Telegraph-Galibier on "Stand-in Simon"

We returned to the French Alps, specifically to St-Jean-de-Maurienne, with one thing on our to do list. I was going to ride Col du Galibier via Col du Telegraphe.

There is some history to this, but as it turns out, the fact that I'd only ridden Galibier from Lauteret (which isn't the proper side according to KKB) doesn't factor much in this story.

The real story is getting to the alps to ride the Cols without a bike in working order. That's where "Stand-in Simon" the Scott bike comes in.

Apart from a cryptic post on Facebook, I haven't really written much about the mishap with my beloved Jens. Jens is my Trek Madone. He is of course named after Jens Voigt. He is of course purple.
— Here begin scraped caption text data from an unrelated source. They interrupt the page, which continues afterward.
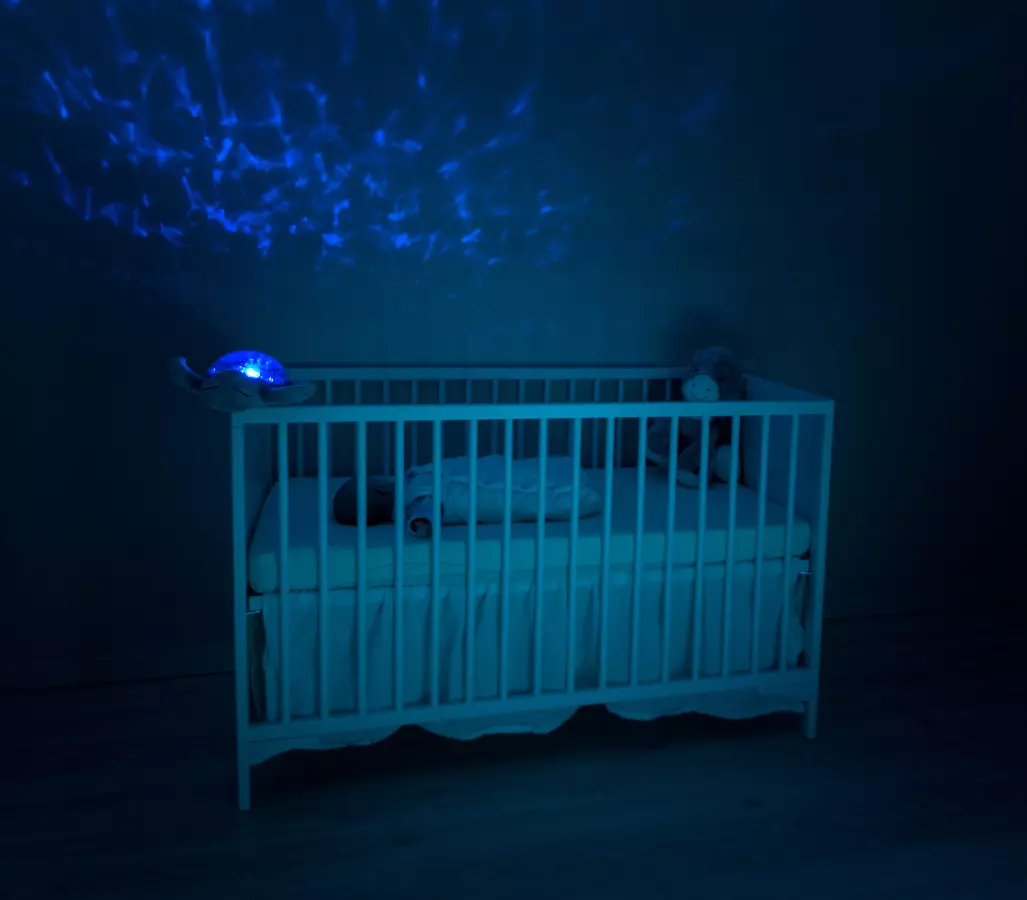 Bebis-sover-i-dämpat-ljus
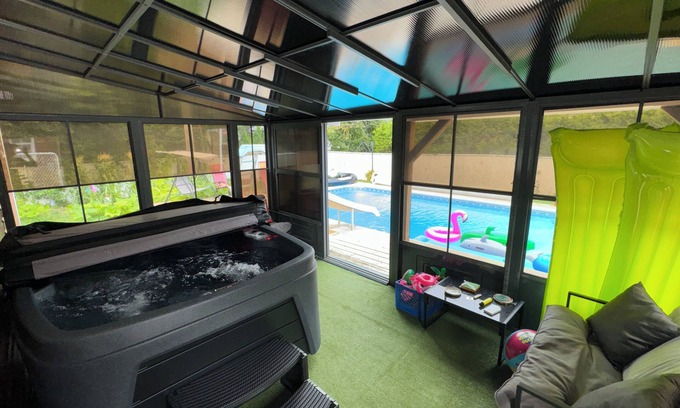 Fredericton House | 3-bedroom house with pool & hot tub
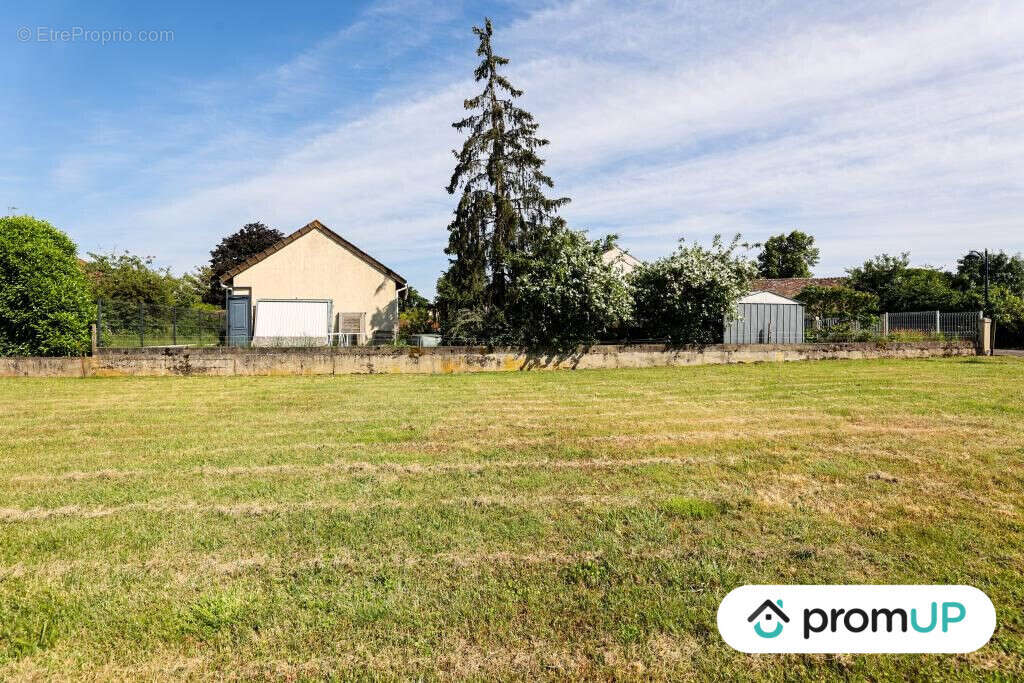 Terrain à MONCE-EN-BELIN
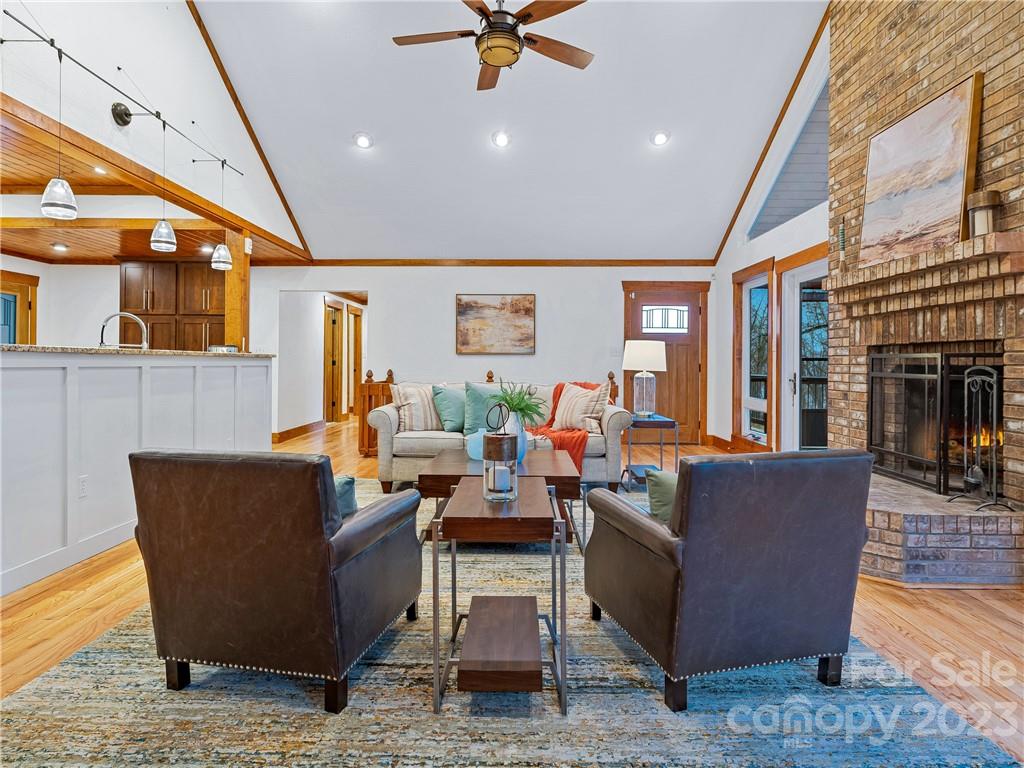 340 Flat Top Mountain Road Fairview, NC 28730 - Photo 11 of 32 Gallery Image 11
He is of course tough (he survived being cleaned up by a car better than I did).

Long story short, Jens is cracked and unrideable because stuff moved around while in transit in the back of our hire van.

So I googled bike hire in the area we were staying and found Sport 2000. I didn't hold a lot of hope of getting a bike that fitted me, least of all from a chain store. But we had to try.

We were in luck, kind of. I could get a 52cm Scott Speedster running Shimano 105, alloy frame of course. A far cry from my beautiful carbon Jens, and a size too big. On the plus side, it had an extra couple of cogs on the back, with a 28 to my current 25. With a few adjustments and my Selle Italia ladies seat, it would do the job.

"I think I'll call him Simon", I said to KKB, pointing out a huge poster in the shop of Simon Gerrans in his Australian champion jersey, astride his own Orica Green Edge Scott.

The next morning we had breakfast early and drove to the bottom of the climb. The only thing standing between me and the Galibier was my body, which hadn't fully recovered from Roth yet. In particular, my right hip was extremely stiff and sore.

I know, call the Wambulance. I was in the French Alps, about to ride Telegraphe-Galibier - one of the most iconic climbs of the Tour de France. This was the climb that set up Cadel Evans' tour win last year, and I was riding it on the seventh anniversary of Amy Gilletts fatal accident.

HTFU, AP!! So off I went on Simon the Scott.

From just outside St-Michele-de-Maurienne where the climb starts, you can see the Fort du Telegraphe above. It seems like its right there... but also seem so tiny, perching up there on that cliff...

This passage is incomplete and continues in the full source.